We have mentioned many times that a type system would be beneficial because it could detect problems with your query as you write it.

I think this is a 0.3 feature, but I'm opening this issue for overview of all problems that a typing checked should detect.

max-sixty commented 2 years ago

I really think this would be excellent. I agree it's for post-0.2 but +1 on opening the issue and adding things as we see them.

I wrote in the PRQL Proposal initially that I thought type inference would be really helpful, but that I didn't think annotations in user code would fit well. I still think we should try and do as much as possible with annotations — generally PRQL code will be quite "close to the data" — people will predominantly be writing it to access a specific, known data source, rather than writing abstract transformation functions; albeit more than SQL allows.

Re how we can learn about types & transformations if not from annotated user code:

Notably annotating the stdlib will require a system and syntax for annotations, even if we don't encourage them in user code.

A type system is difficult both per se, and because of SQL. SQL does lots of implicit conversions — actually '2021-01-01' - '2020-01-01' is allowed, because the strings are implicitly converted to dates!

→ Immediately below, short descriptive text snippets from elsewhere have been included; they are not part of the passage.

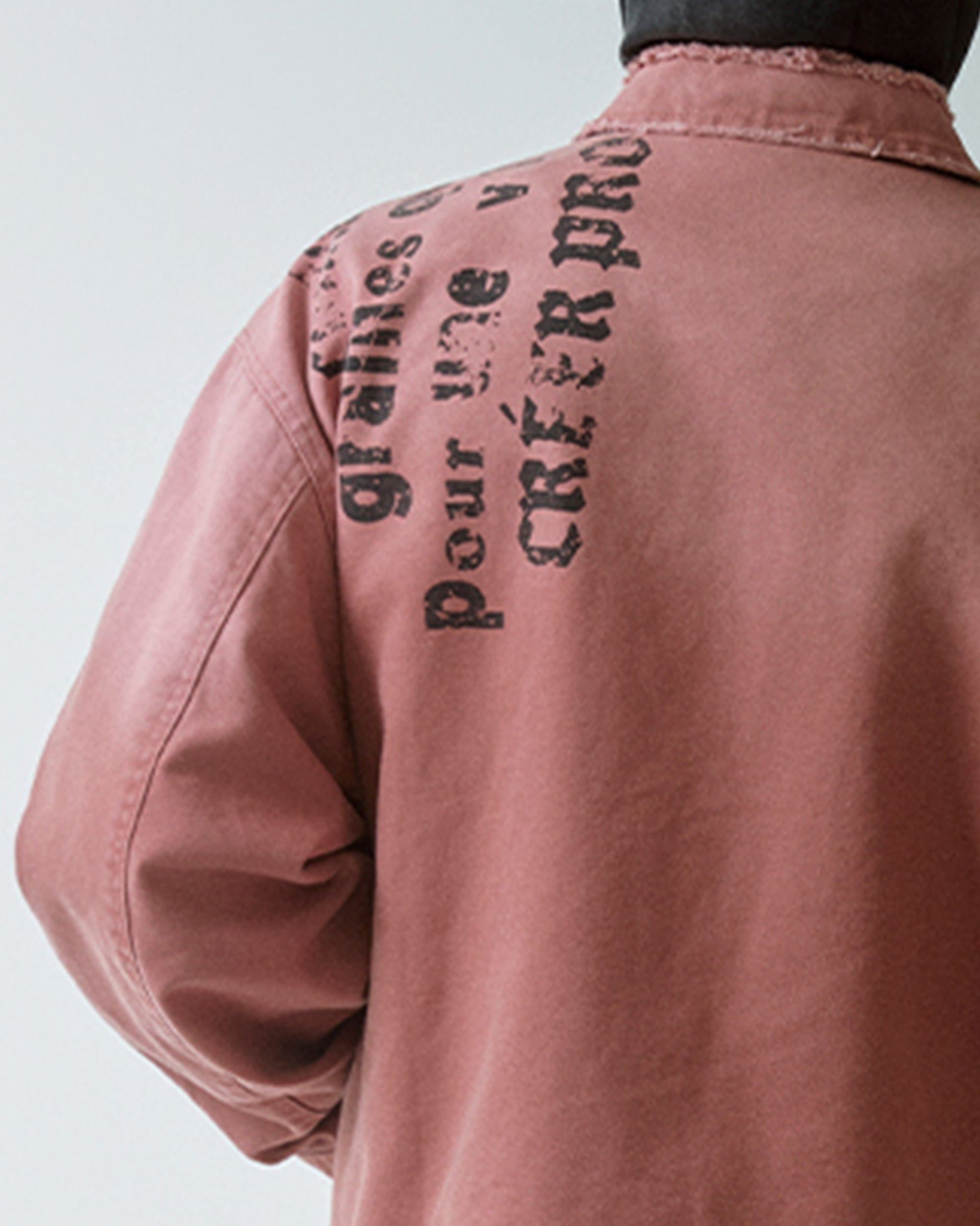 F2CE Distressed Badge Patchwork Jacket, premium urban and streetwear designers apparel on PROJECTISR.com, F2CE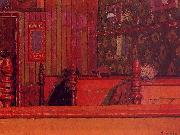  Harold  Gilman An Eating House USA oil painting reproduction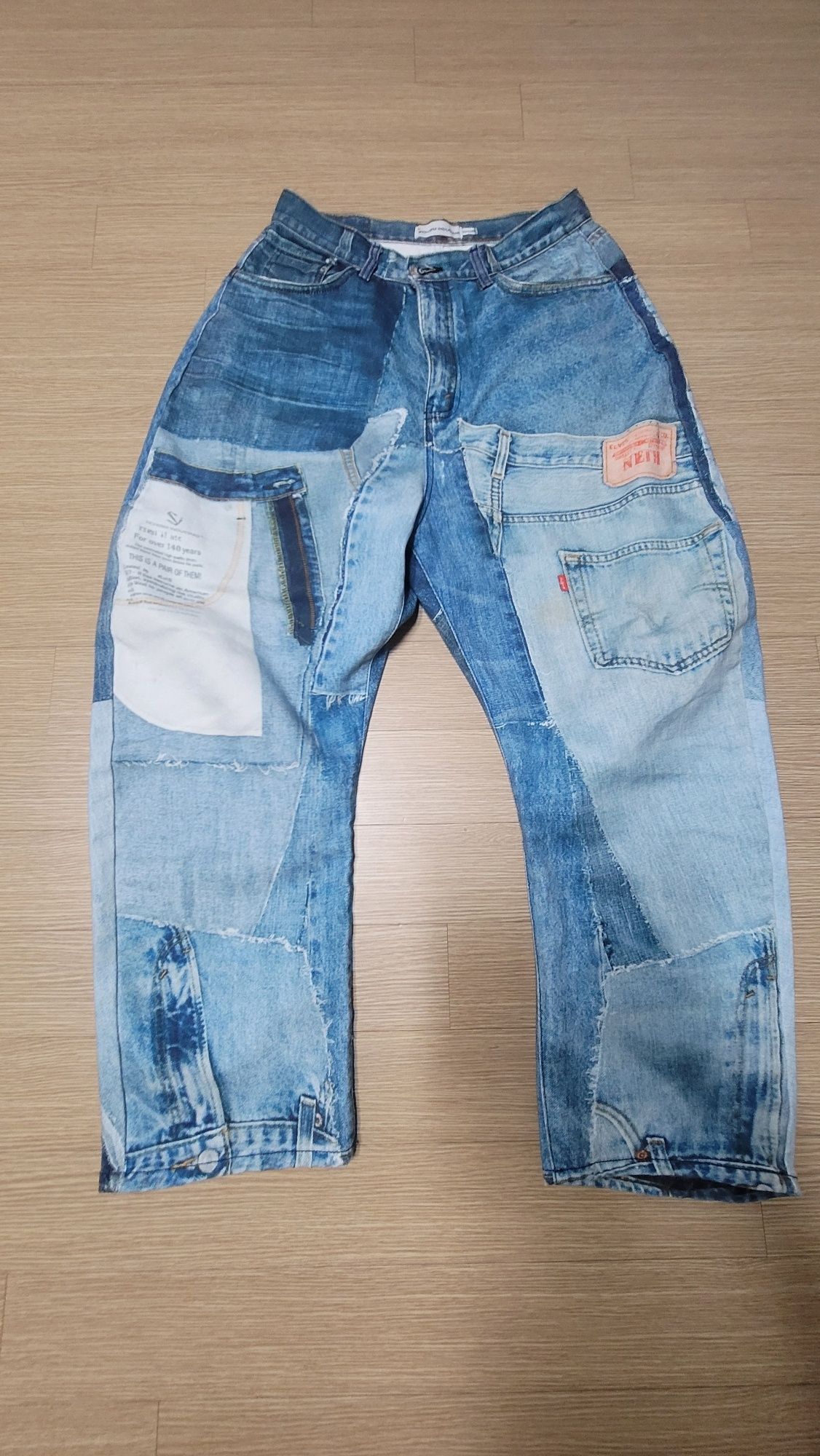 【SCHISM INDUCING】SCAM JEANS BLUE MUSINSA | SCHISM INDUCING SCAM JEANS_BLUE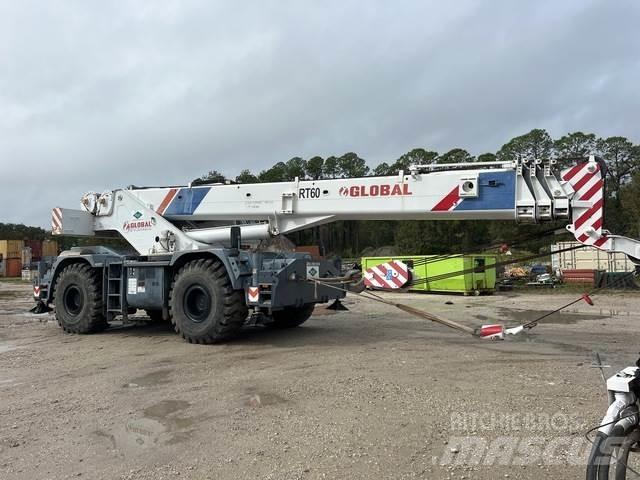 Zoomlion RT55 Macara teren accidentat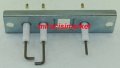 Buderus logamax plus gb172 ateşleme elektrodu .  Buderus gb172 ateşleme bujisi . ( KK01.97.583 ) (TR) 3.Lü düz sıralı . buderus gb172 ateşleme elektrot .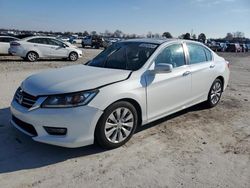 Honda Accord salvage cars for sale: 2015 Honda Accord EXL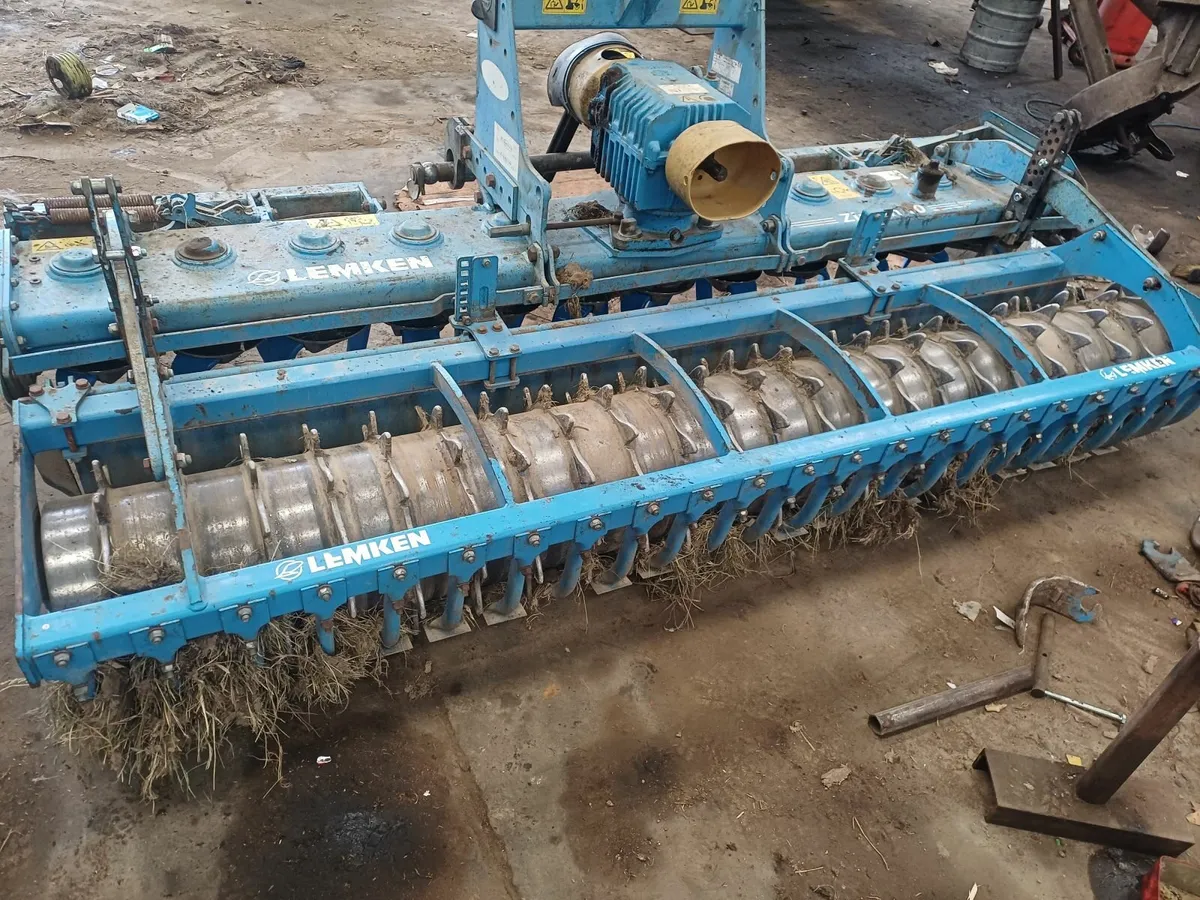 Powerharrow Lemken - Image 1
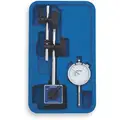 Continuous Reading Magnetic Base and Indicator Set, 0 to 1" Range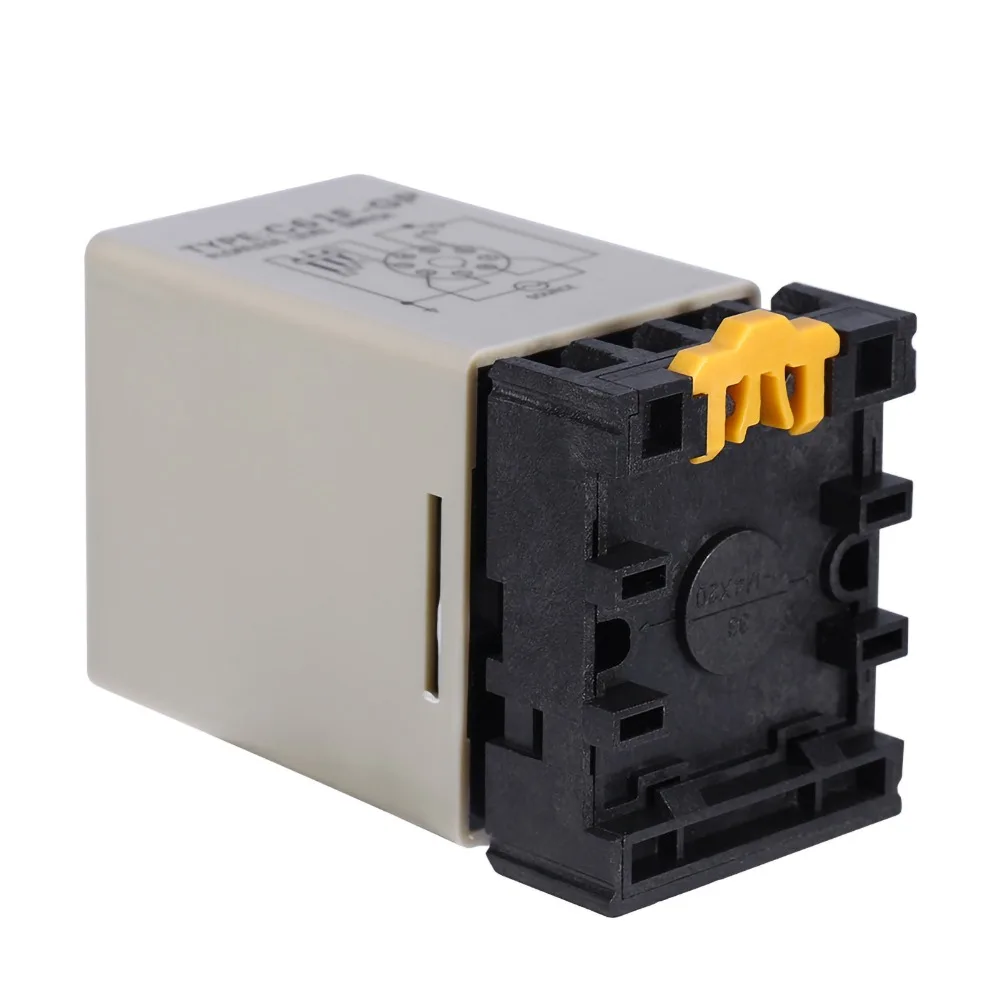 AC110V Floatless Level Switch Flame Retardant Shell 50/60Hz Water Level Sensor Environmental Grade With Base Liquid Level Switch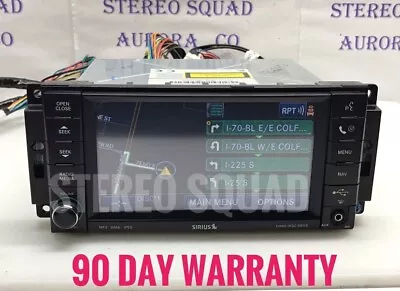 JEEP HIGH SPEED MyGig Navigation Radio CD MP3 DVD Sirius Player RER   CH892  • $410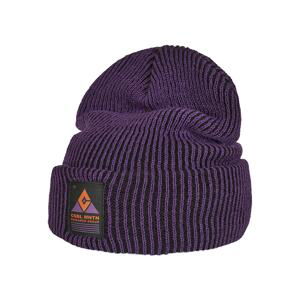 Cayler & Sons Čepice ' Old School Beanie '  tmavě fialová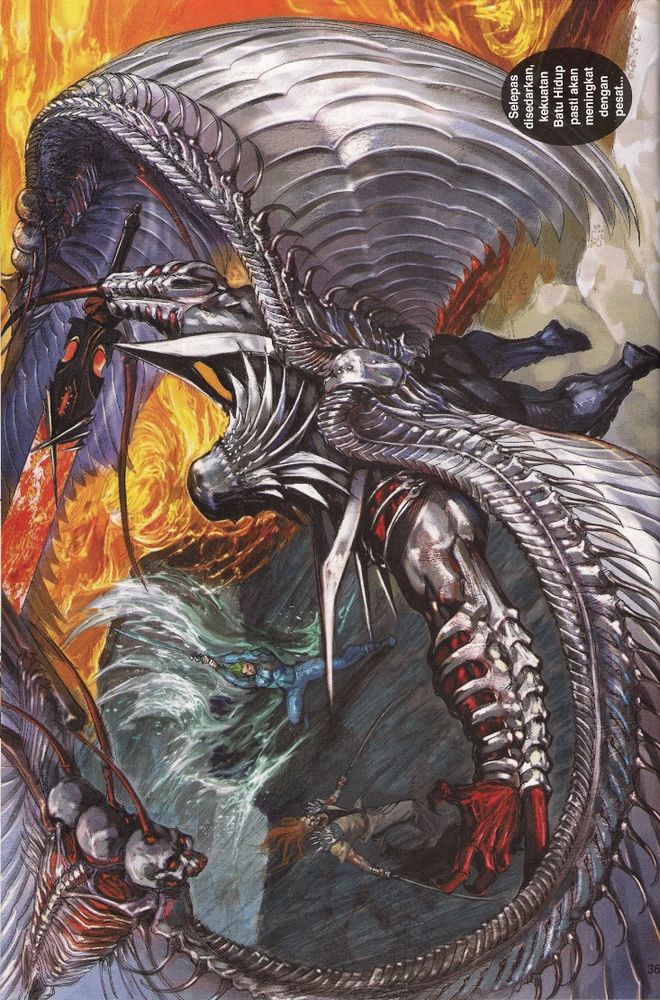 Senjata Misteri 4: Chapter 08 - Page 36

aljazerzen commented 2 years ago

Well, we can support type annotations on functions, but don't require them. And if they are provided, we do the type checking using information from the DB connection (if provided).

My opinion on implicit type conversions is quite negative. JavaScript is an example of how automatic type conversions can lead to strange corner cases. Instead I would prefer Python/Rust way of type checking: be strict about types, but support operator overloading and easy explicit type conversions.

max-sixty commented 2 years ago

Great, I agree with you on what would be required. Definitely agree re implicit conversions!

I'm imagining the type experience as similar to writing rust inside a function — the compiler knows the types of the inputs already — in rust's case because they're defined in the function parameters, in PRQL's case because the DB can tell us — and can infer almost everything without needing the user to provide them.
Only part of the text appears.